Lo conoscevo, anche se non benissimo. Lo avevo incontrato nell’autunno-inverno 1966-67 in tutte le riunioni degli universitari comunisti di Palermo. Una sera era rimasto a chiacchierare a lungo con me; credo che rientrasse nel suo modo di concepire la funzione dirigente. Voleva capire che pesce fossi, voleva sondare i miei orientamenti e la mia affidabilità. Non so lui, ma io lo individuai subito come un compagno di cuore, d’intelligenza e di valore.
Sentii il suo arresto e la sua inopinata condanna come una carognata delle peggiori e come una mazzata sulla mia stessa testa.
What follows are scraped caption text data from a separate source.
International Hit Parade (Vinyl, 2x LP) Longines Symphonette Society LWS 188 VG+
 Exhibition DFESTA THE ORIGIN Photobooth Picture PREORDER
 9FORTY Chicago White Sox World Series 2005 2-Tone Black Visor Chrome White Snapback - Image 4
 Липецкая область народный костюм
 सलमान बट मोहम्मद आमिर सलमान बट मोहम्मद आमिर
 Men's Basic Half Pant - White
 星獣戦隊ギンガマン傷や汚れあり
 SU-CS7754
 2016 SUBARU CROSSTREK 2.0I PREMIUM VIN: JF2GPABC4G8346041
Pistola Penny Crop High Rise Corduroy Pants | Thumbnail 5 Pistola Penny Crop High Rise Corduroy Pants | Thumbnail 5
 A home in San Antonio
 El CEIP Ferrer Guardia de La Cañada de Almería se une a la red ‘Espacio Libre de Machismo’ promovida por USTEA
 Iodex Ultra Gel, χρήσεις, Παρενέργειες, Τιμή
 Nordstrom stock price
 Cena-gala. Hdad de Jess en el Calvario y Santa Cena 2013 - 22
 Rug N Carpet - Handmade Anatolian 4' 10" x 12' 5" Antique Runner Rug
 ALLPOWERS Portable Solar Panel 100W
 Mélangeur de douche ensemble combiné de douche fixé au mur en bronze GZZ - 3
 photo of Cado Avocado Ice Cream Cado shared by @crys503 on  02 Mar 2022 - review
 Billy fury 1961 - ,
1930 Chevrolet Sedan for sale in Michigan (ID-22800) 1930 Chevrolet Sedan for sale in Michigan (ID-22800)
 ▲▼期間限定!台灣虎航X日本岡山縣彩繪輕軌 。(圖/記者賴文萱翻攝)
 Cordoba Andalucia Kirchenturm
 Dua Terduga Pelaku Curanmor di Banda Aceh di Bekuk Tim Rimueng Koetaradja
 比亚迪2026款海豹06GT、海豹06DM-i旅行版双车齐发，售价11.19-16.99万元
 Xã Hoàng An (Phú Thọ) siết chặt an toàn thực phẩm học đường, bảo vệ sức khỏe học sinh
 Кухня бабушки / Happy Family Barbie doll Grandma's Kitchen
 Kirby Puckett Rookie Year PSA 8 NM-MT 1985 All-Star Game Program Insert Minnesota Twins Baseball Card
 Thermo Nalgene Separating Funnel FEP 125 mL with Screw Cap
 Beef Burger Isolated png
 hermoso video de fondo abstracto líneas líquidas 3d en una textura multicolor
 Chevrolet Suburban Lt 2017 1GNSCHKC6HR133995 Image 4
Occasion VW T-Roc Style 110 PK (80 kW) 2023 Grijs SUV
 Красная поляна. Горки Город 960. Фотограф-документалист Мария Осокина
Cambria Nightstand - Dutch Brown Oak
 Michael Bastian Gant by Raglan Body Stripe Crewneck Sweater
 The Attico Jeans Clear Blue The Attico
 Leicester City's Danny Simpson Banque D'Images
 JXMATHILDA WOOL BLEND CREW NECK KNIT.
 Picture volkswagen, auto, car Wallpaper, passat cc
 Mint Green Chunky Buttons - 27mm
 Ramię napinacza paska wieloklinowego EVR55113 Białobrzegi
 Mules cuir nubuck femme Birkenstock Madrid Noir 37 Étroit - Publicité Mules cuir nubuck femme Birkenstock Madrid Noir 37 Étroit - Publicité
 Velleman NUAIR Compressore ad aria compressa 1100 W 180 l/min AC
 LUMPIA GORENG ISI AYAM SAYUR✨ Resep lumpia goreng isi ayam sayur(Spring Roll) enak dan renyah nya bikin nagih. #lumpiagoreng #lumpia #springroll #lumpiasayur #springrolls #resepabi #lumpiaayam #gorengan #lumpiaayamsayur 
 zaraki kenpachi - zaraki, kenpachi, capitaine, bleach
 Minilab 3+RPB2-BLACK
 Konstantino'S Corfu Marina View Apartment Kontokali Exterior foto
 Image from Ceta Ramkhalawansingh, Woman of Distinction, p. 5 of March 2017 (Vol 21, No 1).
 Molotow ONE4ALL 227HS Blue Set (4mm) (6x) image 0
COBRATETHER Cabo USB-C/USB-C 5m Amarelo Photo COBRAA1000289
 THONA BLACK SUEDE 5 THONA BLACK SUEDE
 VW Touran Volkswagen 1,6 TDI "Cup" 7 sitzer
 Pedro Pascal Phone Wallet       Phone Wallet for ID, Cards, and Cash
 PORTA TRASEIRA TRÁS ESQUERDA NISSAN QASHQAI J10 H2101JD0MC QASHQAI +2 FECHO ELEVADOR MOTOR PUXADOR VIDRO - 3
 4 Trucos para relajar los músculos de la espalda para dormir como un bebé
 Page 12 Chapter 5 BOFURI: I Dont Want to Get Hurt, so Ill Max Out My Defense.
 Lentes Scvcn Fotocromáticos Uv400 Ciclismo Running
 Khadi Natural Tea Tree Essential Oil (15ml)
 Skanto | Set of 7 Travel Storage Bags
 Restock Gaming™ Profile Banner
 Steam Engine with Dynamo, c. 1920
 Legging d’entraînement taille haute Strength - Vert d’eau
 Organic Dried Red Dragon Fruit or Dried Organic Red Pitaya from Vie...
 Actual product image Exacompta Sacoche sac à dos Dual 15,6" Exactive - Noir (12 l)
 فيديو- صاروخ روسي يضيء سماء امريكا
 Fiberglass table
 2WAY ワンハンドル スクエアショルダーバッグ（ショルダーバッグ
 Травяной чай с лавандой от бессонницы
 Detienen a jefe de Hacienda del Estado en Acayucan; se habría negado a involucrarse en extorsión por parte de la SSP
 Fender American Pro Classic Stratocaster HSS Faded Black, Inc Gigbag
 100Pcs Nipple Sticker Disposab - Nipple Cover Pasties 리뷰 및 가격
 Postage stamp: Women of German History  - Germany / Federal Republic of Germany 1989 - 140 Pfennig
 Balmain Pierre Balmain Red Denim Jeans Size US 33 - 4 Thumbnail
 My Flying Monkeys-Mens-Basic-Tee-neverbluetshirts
In occasione della campagna elettorale regionale del giugno, nello scrivere il testo di una canzoncina per il “giornale parlato” che diffondevamo per le vie del mio paese e di quelli vicini, non esitai, di conseguenza, a mettere il nome di Franco accanto a quello, come pochi glorioso, di Girolamo Li Causi.
Mi commossi, quel pomeriggio che onoravamo Ho Chi Minh, nel rivederlo libero, lo abbracciai, piansi – credo – qualche lacrima (qualche altra, del resto, ne sto versando adesso). Ci scambiammo poche parole, con pose un po’ teatrali. Mi disse, sorpreso di vedermi lì: “Ma non avevi fatto altre scelte politiche?”. Risposi: “Sì, ma penso che molti di quelli che sono qui, nei momenti decisivi, staranno dalla mia stessa parte”. Concluse unitario e conciliante: “Anche molti di quelli che non sono qui staranno dalla nostra stessa parte”. Il colloquio si esaurì con queste parole giacché iniziava la cerimonia. Ci perdemmo di vista. Seppi che era diventato un concreto e capace dirigente sindacale e insieme era rimasto un “comunista di destra”, come Pio La Torre. Ce ne fossero!
Lo riconobbi il pomeriggio di una domenica d’estate, in un albergo sul mare di Cefalù, un anno che facevo colà il commissario d'esami. Immagino che Padrut fosse venuto a incontrare degli amici. Credo che non mi riconobbe o, forse, non mi notò affatto. Quasi certamente non si rammenta più di me.
Eppure sarei felice se questo ricordo delle onoranze per Ho Chi Minh, di una lontana giornata in una bellissima Palermo, di una passione ideale e politica, gli giungesse attraverso la rete come attestato di una stima e di un’ammirazione che non sono cessate.